Alexa Pano (born August 20, 2004) is an American professional golfer. She was featured in the 2013 documentary film The Short Game.

Early life
Pano was born in Westborough, Massachusetts, and her parents divorced when she was a baby. She has since lived with her father, Rick, in Lake Worth Beach, Florida. She began playing golf at the age of 5.

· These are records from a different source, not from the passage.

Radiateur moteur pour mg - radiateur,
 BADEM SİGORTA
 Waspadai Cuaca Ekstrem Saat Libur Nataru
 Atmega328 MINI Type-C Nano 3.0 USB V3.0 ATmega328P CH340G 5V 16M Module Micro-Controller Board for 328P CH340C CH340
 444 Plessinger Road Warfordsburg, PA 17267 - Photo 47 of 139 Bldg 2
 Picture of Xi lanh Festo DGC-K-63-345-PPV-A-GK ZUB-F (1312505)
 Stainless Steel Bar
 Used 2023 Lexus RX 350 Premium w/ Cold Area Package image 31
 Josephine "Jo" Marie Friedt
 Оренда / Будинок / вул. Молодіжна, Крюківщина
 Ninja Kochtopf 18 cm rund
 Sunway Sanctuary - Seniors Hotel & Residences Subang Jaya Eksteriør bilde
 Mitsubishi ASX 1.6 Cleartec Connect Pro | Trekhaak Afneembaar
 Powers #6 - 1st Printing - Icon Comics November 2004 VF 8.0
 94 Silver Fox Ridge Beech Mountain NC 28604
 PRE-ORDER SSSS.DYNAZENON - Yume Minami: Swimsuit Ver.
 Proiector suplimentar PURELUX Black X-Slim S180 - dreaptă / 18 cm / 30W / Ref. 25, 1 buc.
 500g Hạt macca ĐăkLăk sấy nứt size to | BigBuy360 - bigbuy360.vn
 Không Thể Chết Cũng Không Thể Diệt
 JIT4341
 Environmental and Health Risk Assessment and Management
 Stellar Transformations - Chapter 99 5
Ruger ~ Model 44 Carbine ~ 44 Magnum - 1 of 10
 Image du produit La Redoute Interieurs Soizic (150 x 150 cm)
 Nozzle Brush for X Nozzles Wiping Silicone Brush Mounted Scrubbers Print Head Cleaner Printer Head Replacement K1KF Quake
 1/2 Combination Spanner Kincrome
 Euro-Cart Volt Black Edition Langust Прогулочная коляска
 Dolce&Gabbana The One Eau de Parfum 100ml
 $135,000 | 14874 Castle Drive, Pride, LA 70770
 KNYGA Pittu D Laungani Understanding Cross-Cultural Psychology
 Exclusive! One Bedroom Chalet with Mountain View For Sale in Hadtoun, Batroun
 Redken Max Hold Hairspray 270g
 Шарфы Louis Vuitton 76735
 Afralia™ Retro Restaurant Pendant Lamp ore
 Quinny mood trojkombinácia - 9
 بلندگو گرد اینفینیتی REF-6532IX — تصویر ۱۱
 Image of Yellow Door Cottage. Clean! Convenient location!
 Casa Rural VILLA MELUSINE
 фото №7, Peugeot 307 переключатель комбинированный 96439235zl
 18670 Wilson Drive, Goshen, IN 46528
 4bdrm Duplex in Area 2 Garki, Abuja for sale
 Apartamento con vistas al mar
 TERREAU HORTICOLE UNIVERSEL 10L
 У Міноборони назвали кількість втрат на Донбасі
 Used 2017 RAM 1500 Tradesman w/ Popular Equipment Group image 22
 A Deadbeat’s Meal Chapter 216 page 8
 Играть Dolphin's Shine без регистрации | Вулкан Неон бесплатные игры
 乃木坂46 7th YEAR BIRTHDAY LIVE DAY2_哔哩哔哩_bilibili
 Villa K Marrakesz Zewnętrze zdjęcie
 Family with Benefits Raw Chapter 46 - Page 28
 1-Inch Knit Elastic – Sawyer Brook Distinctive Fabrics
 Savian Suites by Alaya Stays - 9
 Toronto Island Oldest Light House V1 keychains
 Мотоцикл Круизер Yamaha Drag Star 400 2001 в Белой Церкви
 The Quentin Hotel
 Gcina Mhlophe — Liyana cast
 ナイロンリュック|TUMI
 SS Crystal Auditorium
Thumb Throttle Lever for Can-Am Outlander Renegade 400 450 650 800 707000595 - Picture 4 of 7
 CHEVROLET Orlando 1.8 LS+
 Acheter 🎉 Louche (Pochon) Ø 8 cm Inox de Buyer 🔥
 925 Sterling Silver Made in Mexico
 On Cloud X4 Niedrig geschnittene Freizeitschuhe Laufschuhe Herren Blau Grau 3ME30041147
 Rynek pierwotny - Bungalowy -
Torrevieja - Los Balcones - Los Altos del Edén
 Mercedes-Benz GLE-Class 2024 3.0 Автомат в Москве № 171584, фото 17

At the 2012 U.S. Kids Golf World Championship, then-7-year-old Pano and a group of her fellow competitors, including Allan Kournikova and Sky Sudberry, were filmed for The Short Game. At that point, she was only spending mornings at Citrus Cove Elementary School and taking the remainder of her classes through Florida Virtual School so that she could focus on golf. In the film, she said that she wanted to be the first woman to play in a tournament at Augusta, a feat that she accomplished seven years later when she competed in the inaugural Augusta National Women's Amateur.

Amateur career
Pano was the first three-time national finalist in the Drive, Chip and Putt competition. She is tied for most U.S. Kids Golf World Championships with five in 2011, 2012, 2013, 2015, and 2016.

Pano was the youngest golfer to play a LPGA of Japan Tour event when she played the 2016 Yonex Ladies Open at the age of 11. At 13, Pano played in her first LPGA Tour event, the 2018 Thornberry Creek LPGA Classic. The same year, she represented the United States for a win in the Junior Ryder Cup.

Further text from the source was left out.